En la calle hacía
algo de fresco, pero en el tren se está muy bien. Durante el trayecto duda el viajero que será lo más conveniente, desayunar en Totana o hacerlo en El Paretón -pequeña población a 17 kilómetros de Totana y en la que conoce un par de establecimientos-.

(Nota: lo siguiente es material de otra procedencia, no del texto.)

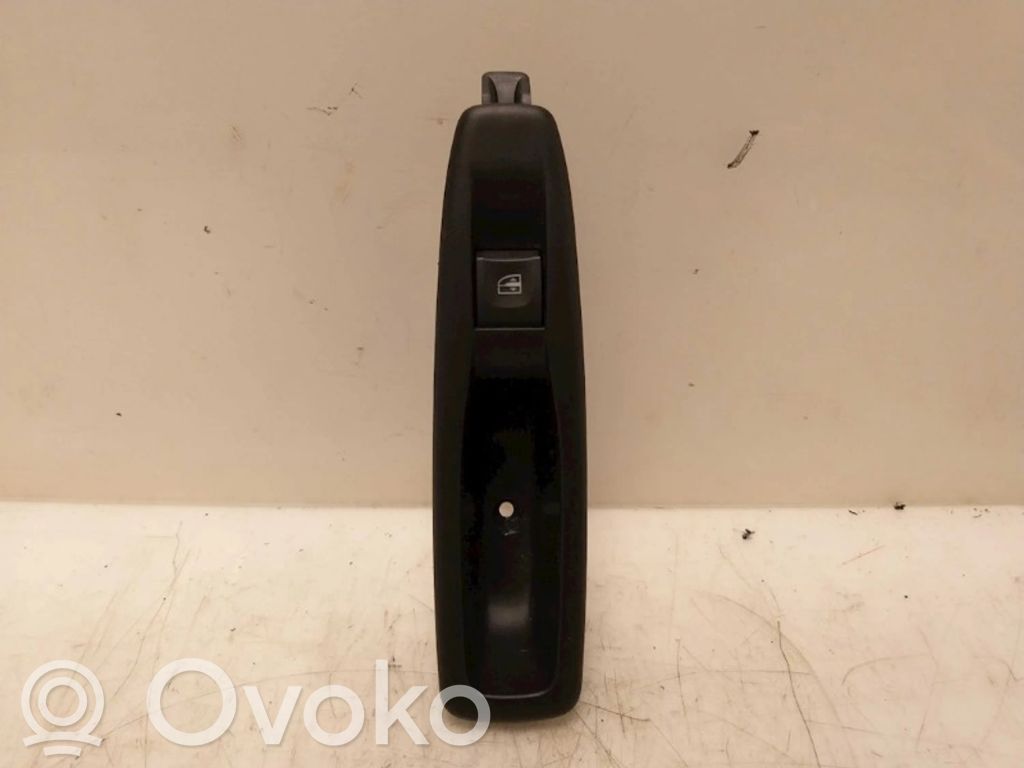 Renault Captur Electric window control switch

Se le eriza el vello al bajarse al andén, no hace frío pero la diferencia con el tren se nota, de todas maneras se le
pasa nada más comenzar a pedalear. Desde la ventanilla ha visto a su compañero junto a las vías; las cruza para
continuar a su lado, entre lechugas, brocoli
y algún olivo, hasta el Guadalentín. Aquí
al viajero no le queda más
remedio que buscarse la vida, pues su compañero
vuela entubado sobre él, lo hace por el
propio cauce hasta una carreterilla que se encuentra a un centenar de metros a
su derecha. Continua por ella, va paralela al canal guardando la distancia. A
ratos lo ve y otros desaparece, pero él
sabe que está ahí.
Hasta El Paretón
sigue la carreterilla ahora convertida en vereda de ganados, la que une Lorca y
Cartagena. Nada más entrar en la población se dirige al bar;
bocadillo de tortilla de patatas y magra con tomate desayuna el viajero,
cerveza y café, quizá
no se lo más adecuado pero a él le gusta. Repuesto busca la calle de la Fragua que lo llevará al cementerio y a la que quizá,
algún día, llegue a ser la Vía Verde del Campo
de Cartagena.
De pronto se lo encuentra; ahí está, olvidado y
abandonado, con las entrañas pudriéndose al sol. Mudo testigo de la desidia de un pueblo -el español-, cafre y analfabeto. Ciudadanos y políticos -dignos representantes de su pueblo-, dejan perderse
elementos insustituibles de nuestra cultura, de nuestras tradiciones. Pero él aún se mantiene en pie, orgulloso de su pasado; digno a pesar de
haber perdido la techumbre y que las aspas yazcan desmanteladas a sus pies. Su
otrora potente maquinaria, que molió el trigo para
calmar el hambre de tantos hombres, se pudre lentamente a merced de los
elementos. Sí
ahí
está, esperando el
milagro que lo salve del destino al que esta inexorablemente abocado.
Entre estas y otras disquisiciones llega el
viajero a la antigua plataforma ferroviaria y recuerda cuando le llamo Carmen
Aycart, antes y ahora, presidenta de la Fundación
de las Ferrocarriles Españoles dependiente del Ministerio de Medio Ambiente, a mediados de
los años 90, para preguntarle sobre el estado de esta infraestructura y
del ramal de la Pinilla a Mazarrón. En inmejorables
condiciones, le contesto. Salvo algunos almendros plantados por los
agricultores en plena plataforma, y una fábrica de plásticos en plena construcción,
por lo demás está bien. Vino,
comprobaron lo expuesto y elevaron la propuesta de convertirla en vía verde al ministerio, comunidad autónoma y ayuntamientos. Después
de 20 años todo esta... mucho peor. ¡País!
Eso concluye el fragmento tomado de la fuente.